Image-caption web data
#####
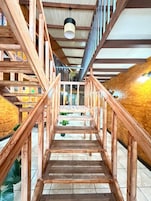 A wooden staircase with a metal railing, leading to a higher floor.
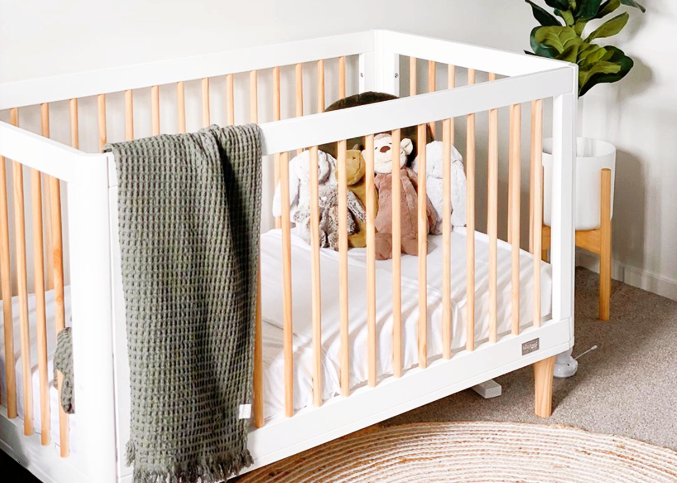 Babyhood White crib with wooden sides in a room with a plant and rug.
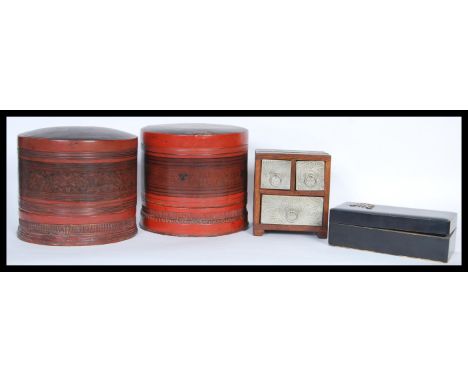 A collection of Chinese items to include a pair of led lacquered rice boxes of cylindrical form, a black lacquer glove or jew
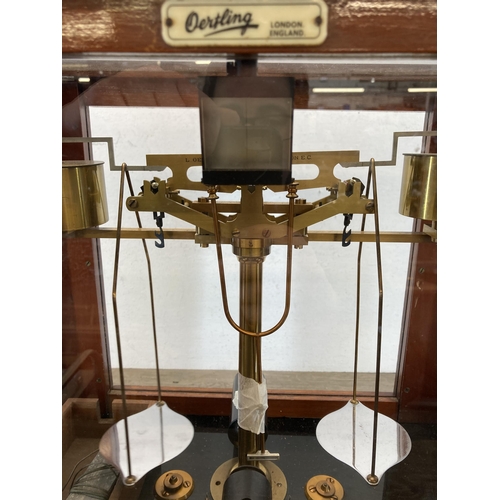 538 - A set of early 20th century L. Oertling of London mahogany cased analytical balance scales - approx.... 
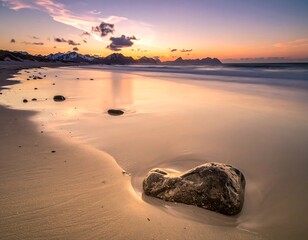 Beach scene at dusk featuring a lone rock and mountains under a pastel sky. The wet sand reflects the fading light, creating a serene atmosphere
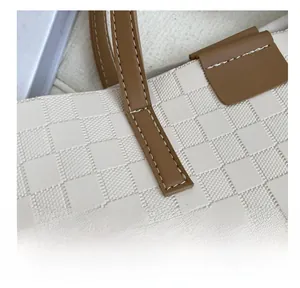 Macro view of meticulous white stitching and texture on checkered tote bag straps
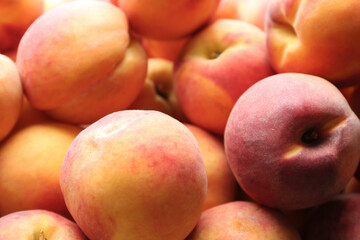 Fototapeta na wymiar Fresh ripe peaches as background, closeup view
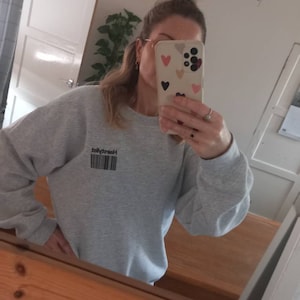 Mrs added a photo of their purchase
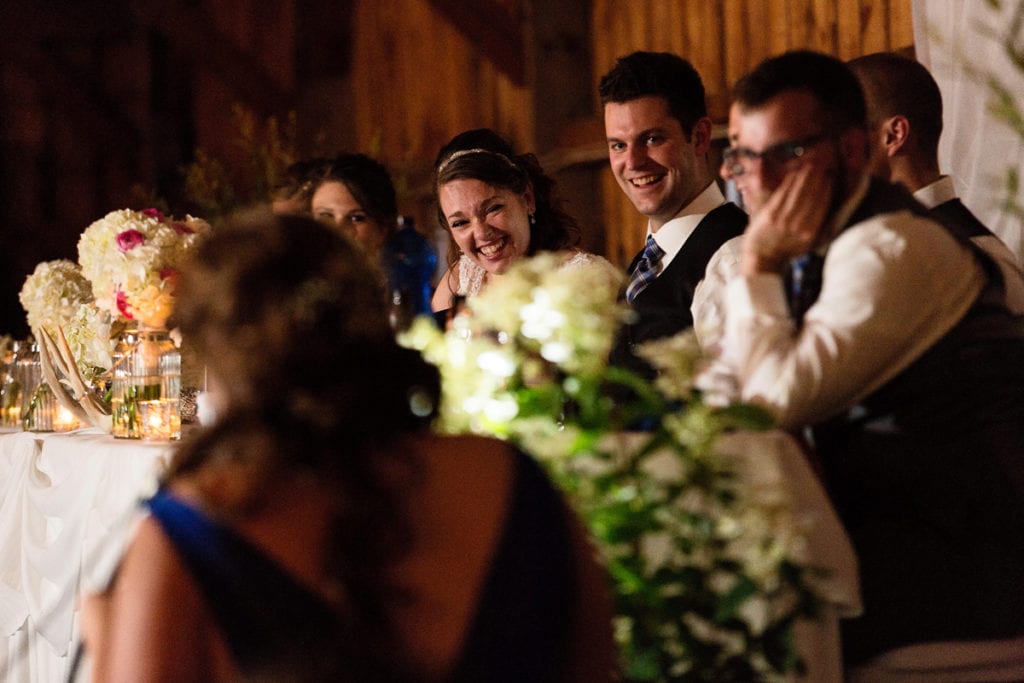 Bride and groom laughing with wedding party at head table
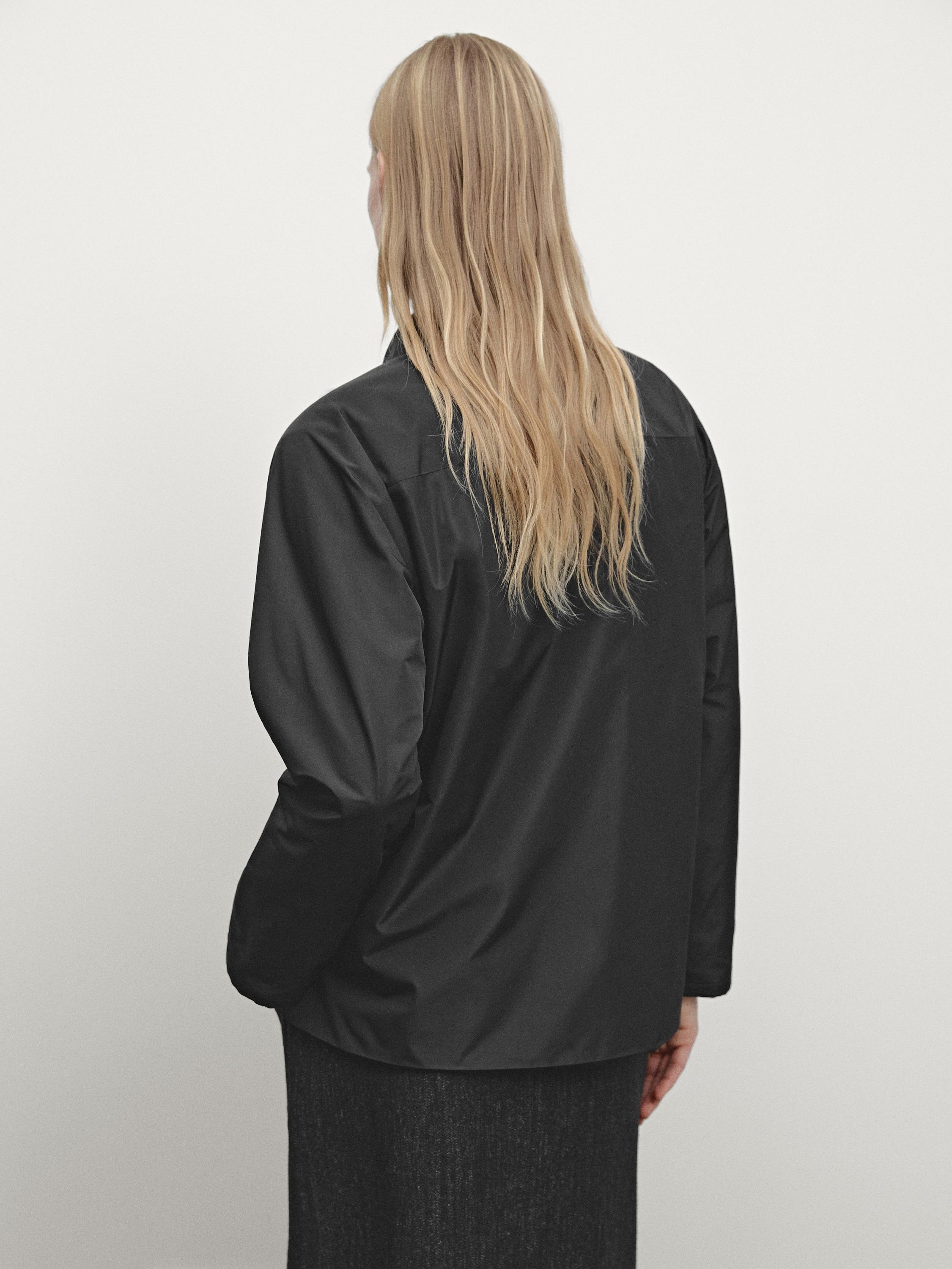Veste double en tissu technique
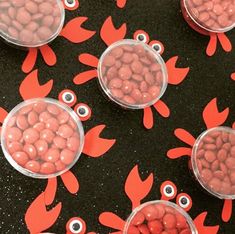 several plastic containers filled with candy sitting on top of a black table covered in red crabs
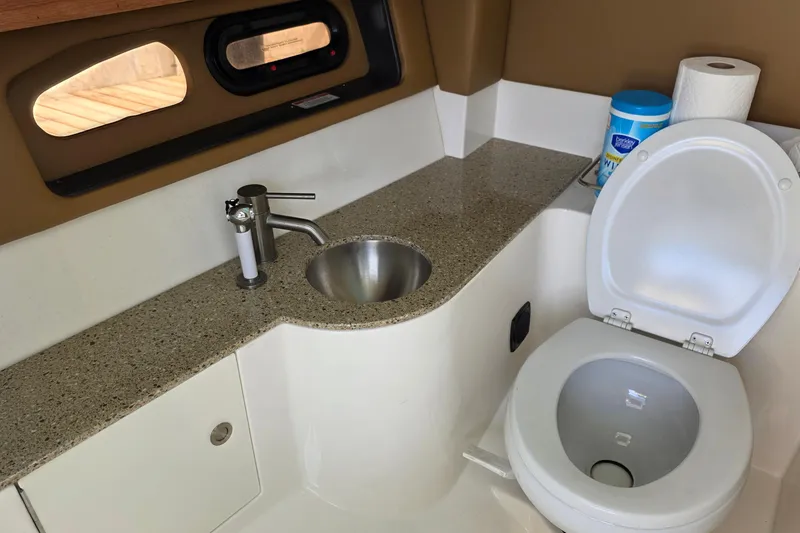Slide: The Image of Bathroom interior of 2015 Sea Ray SLX 350 boat with sink and toilet. - 31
#####
Set down every record word for word and leave out the pictures.

■ OUTPUT FOR THIS EXERCISE
 A wooden staircase with a metal railing, leading to a higher floor.
 Babyhood White crib with wooden sides in a room with a plant and rug.
 A collection of Chinese items to include a pair of led lacquered rice boxes of cylindrical form, a black lacquer glove or jew
 538 - A set of early 20th century L. Oertling of London mahogany cased analytical balance scales - approx.... 
 Beach scene at dusk featuring a lone rock and mountains under a pastel sky. The wet sand reflects the fading light, creating a serene atmosphere
 Macro view of meticulous white stitching and texture on checkered tote bag straps
 Fototapeta na wymiar Fresh ripe peaches as background, closeup view
 Mrs added a photo of their purchase
 Bride and groom laughing with wedding party at head table
Veste double en tissu technique
 several plastic containers filled with candy sitting on top of a black table covered in red crabs
Slide: The Image of Bathroom interior of 2015 Sea Ray SLX 350 boat with sink and toilet. - 31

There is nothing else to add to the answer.